– Что же? Не допускали, что ли?
– Говорит, не допускали. А и то сказать, кто их знает, может, плохо стреляли, Федор Павлыч перед тем, как ехать в поле, для пробы стрелял пулей в мету. Мета-то сделана была на овине; он не то чтобы в мету, и в овин-то не попал. Ему и говорят: где тебе убить журавля – в овин не мог попасть! Хоть и барин, а пришло же на него такое затмение, что он на это отвечал…
– Что отвечал?
– Вот, говорит, что сказали: овин-то один, а журавлей-то много! Все так и покатились! Что смеху было!
– Вот как. Неужели, по-твоему, нет возможности стрелять журавлей?
– Можно, да осторожно! А ловко придется, так где же не убить. Вот Васька кузнец дробью за один раз пару убил. А бушинский доезжачий какую штуку мне сказывал: был, говорит, я на охоте. Вот и вижу, говорит, пара журавлей ходит в кустах, в ракитнике.
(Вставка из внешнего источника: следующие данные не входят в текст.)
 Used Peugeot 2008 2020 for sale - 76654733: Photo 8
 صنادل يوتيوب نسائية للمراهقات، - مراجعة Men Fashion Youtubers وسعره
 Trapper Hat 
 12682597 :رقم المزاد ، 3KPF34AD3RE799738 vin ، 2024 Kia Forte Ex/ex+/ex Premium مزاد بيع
Я и начал, говорит, около их кружить, да все с кажинным разом к ним ближе да ближе. Знаете, винтом эдаким ездил. А они ничего, говорит, сидят себе да посматривают. А лошадь-то, говорит, удалая. Вот как больно-то близко подъехал к ним, да как толкну, говорит, лошадь изо всех сил прямо на них… Они летать, а, вишь, сразу-то подняться не могут, с разбегу все, я, говорит, одного левой рукой подхватил за крыло, а другого захлестнул арапником.
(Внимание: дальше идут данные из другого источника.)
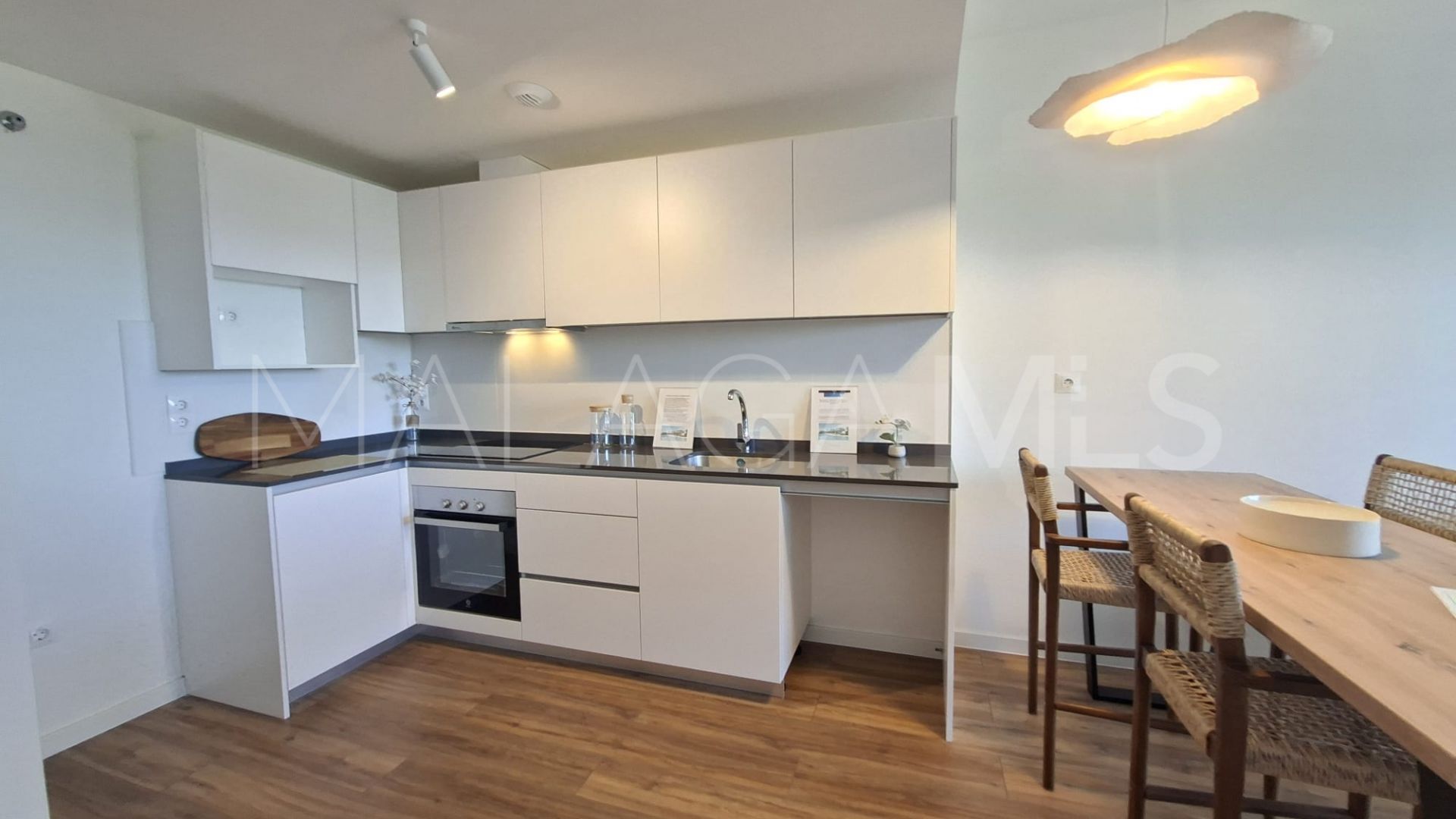Apartment for sale in Valle Romano with 3 bedrooms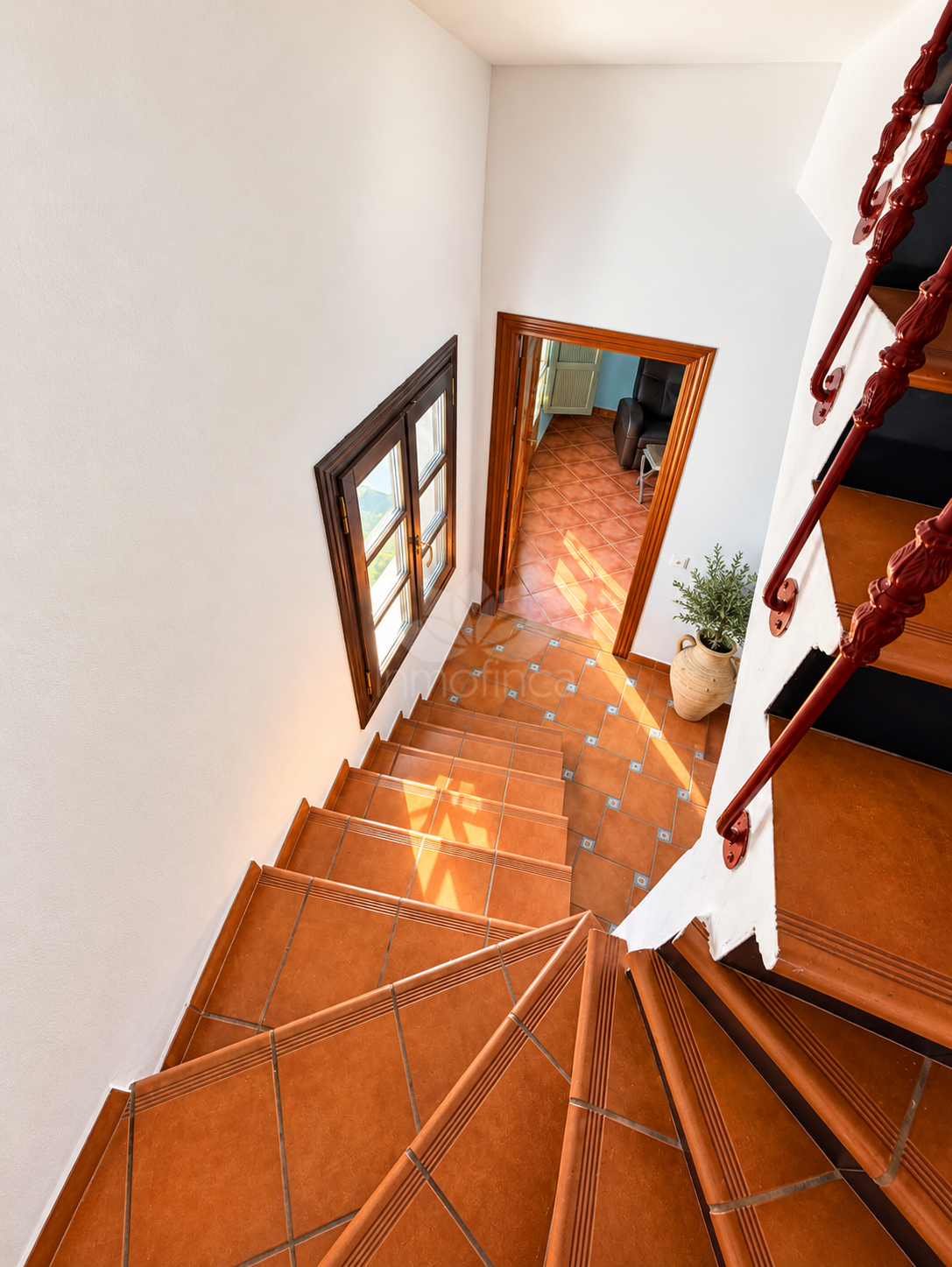 House in Casares Montaña, Casares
– Ну, брат, это не любо не слушай, лгать не мешай.
– Божится; правда, говорит.
– Не всему верь. Наскажут тебe турусы на колесах. Однако ж, пойдем-ка, дождик перестал: нечего тратить золотое время. Армида, вставай! Заспалась.
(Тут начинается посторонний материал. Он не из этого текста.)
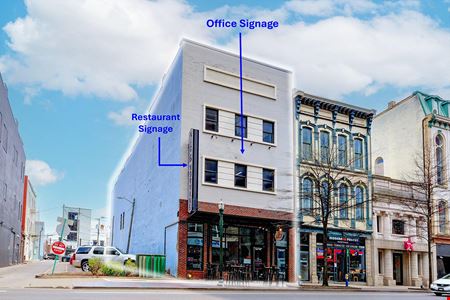 Downtown Mixed-Use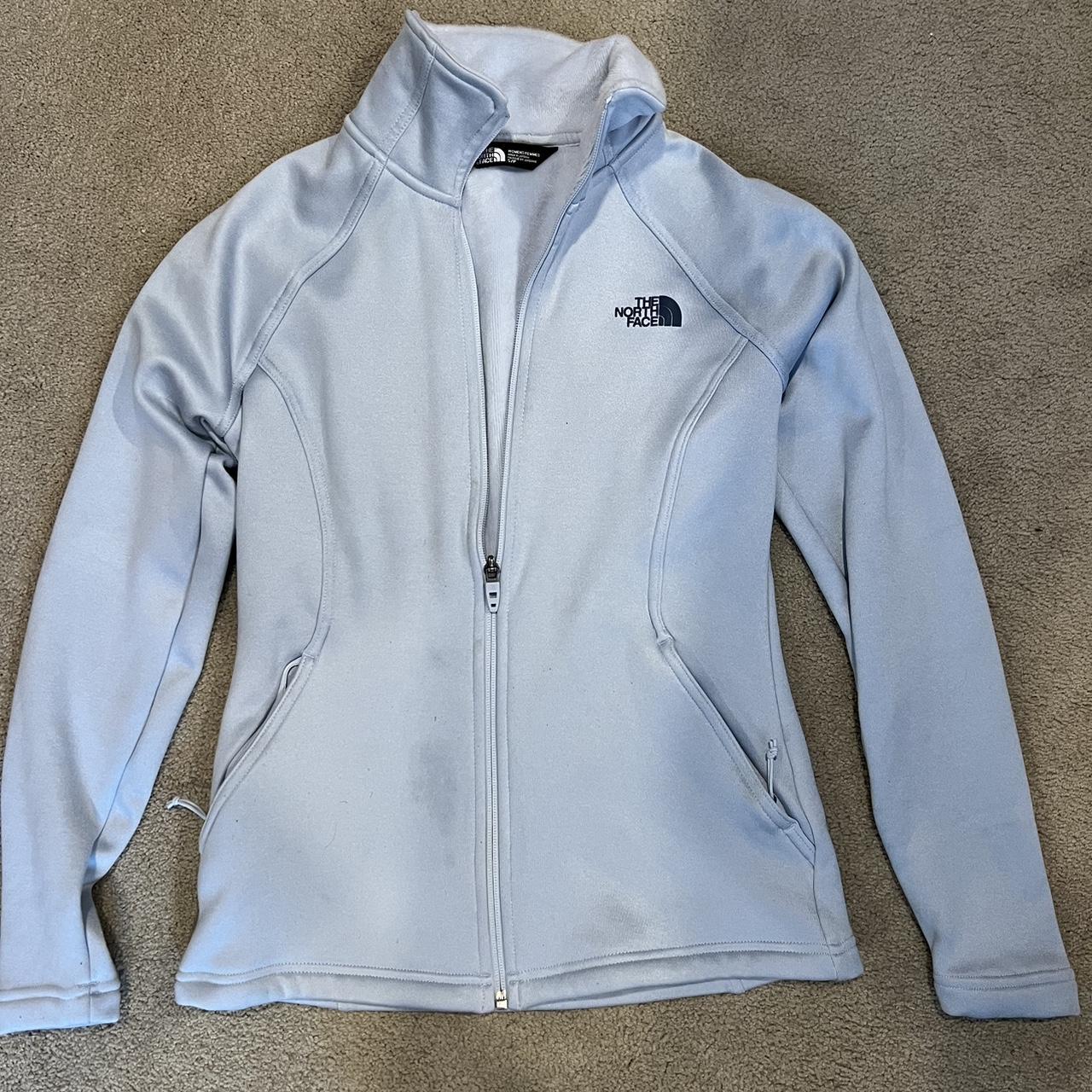 North face agave on sale womens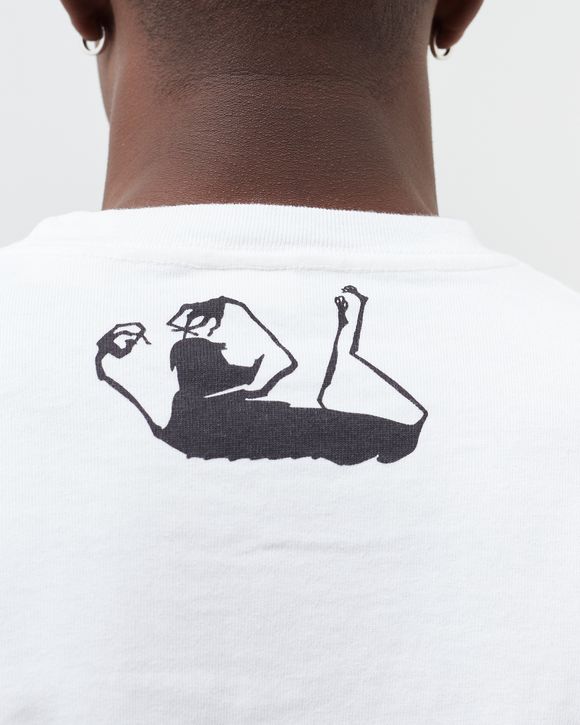 LEVI'S VINTAGE CLOTHING X CENTRAL STATION 80'S TEE
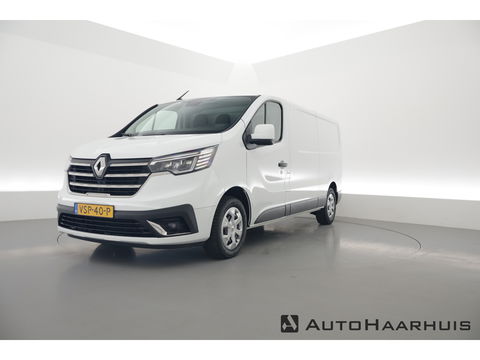 Renault Trafic 2.0 dCi 130 T30 L2H1 Work Edition | Trekhaak | Cruise | Camera | Bluetooth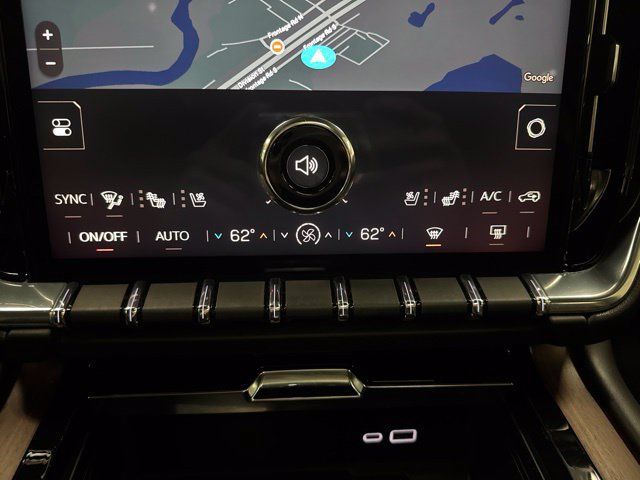 Used 2025 GMC Yukon XL Denali w/ Denali Reserve Package AWD/4WD image 48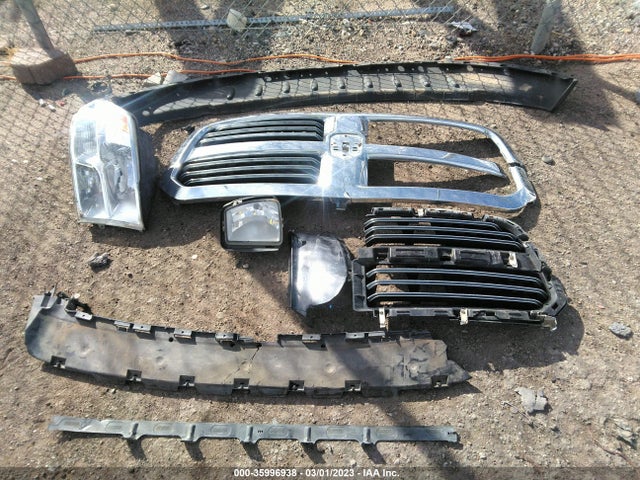 3C6RR7LTXGG207388 RAM 1500 Big Horn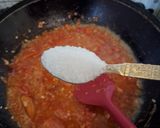 Foto langkah ke 4 dari resep Sambal Teri Jos.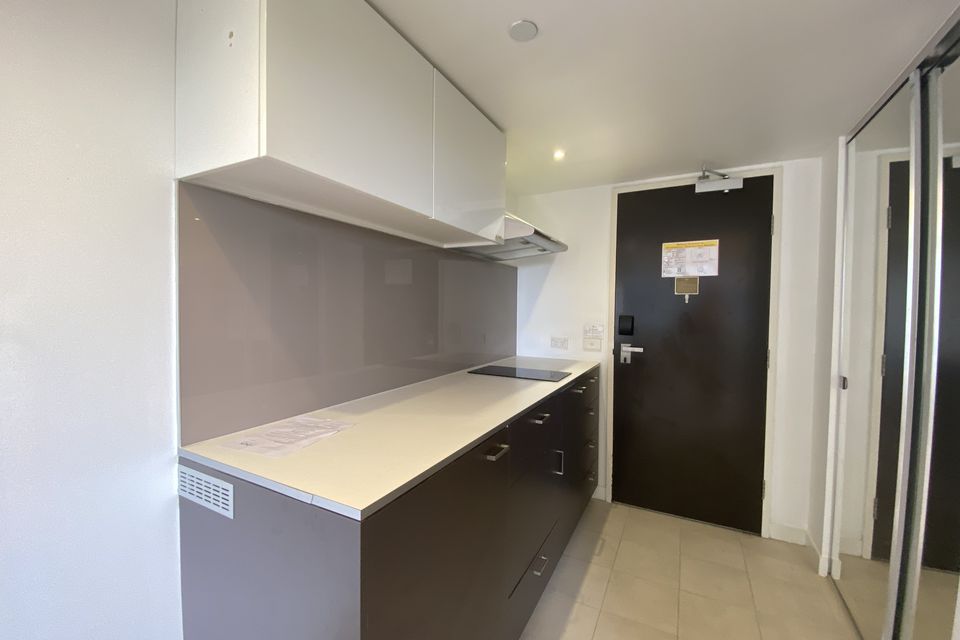 531 / 572 St Kilda Road, Melbourne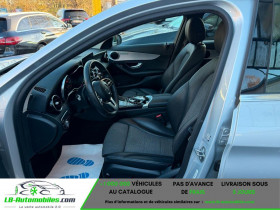 Mercedes Classe C 220 220 d BVA  occasion � Beaupuy - photo n�4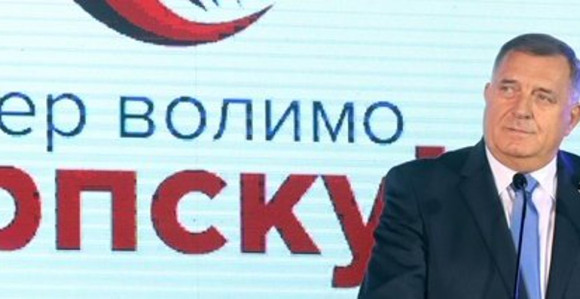 Dodik presrećan zbog Vučićeve pomoći Srpskoj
Погода разгулялась. Облака с дождем протащило к западу. Стихло. Лишь изредка слышен быль легкий трепет листьев березы и всегда живой осины. Поднялось солнце и на умывшуюся дождем природу бросило ярые лучи из-за лесу, а на противоположной ему стороне загоралась радуга самыми отчетливыми и резкими цветами. Длинные тени от высоких дерев полосами легли по сенокосному пространству, и на листочках растений, как алмазные блестки, заиграли дождевые капли. Весело смотреть на природу после ненастья: на душе делается свободнее, легче, чувствуешь себя крепче и здоровее, какая-то особенная благодать распространяется в воздухе и чем-то добрым, неизъяснимо прекрасным действует эта благодать на человека.
– Вот как погодка-то разгулялась! Сегодня день славный будет, солнценён, мешкать нечего, пойдемте-ка пошибче, на хорошие места придем скорей.
– Пойдем, пойдем поскорей, прибавляй шагу, – отвечал я на слова Абрама, который и без того с необыкновенным рвением торопился на заветные места.
Мы перешли Раминскую чащиницу, потом болотной дорогой перебрались через окольшину и углубились в нивы. Они почти все были скошены: некошеных оставалось очень мало, да и те с реденькой, посохшей и пожелтевшей от жаров травой. Негде тут прятаться ни молодому тетереву, ни даже коростелю. Так прошли мы нив десять. Абрам, который вообще молчать не любил, начал разговор.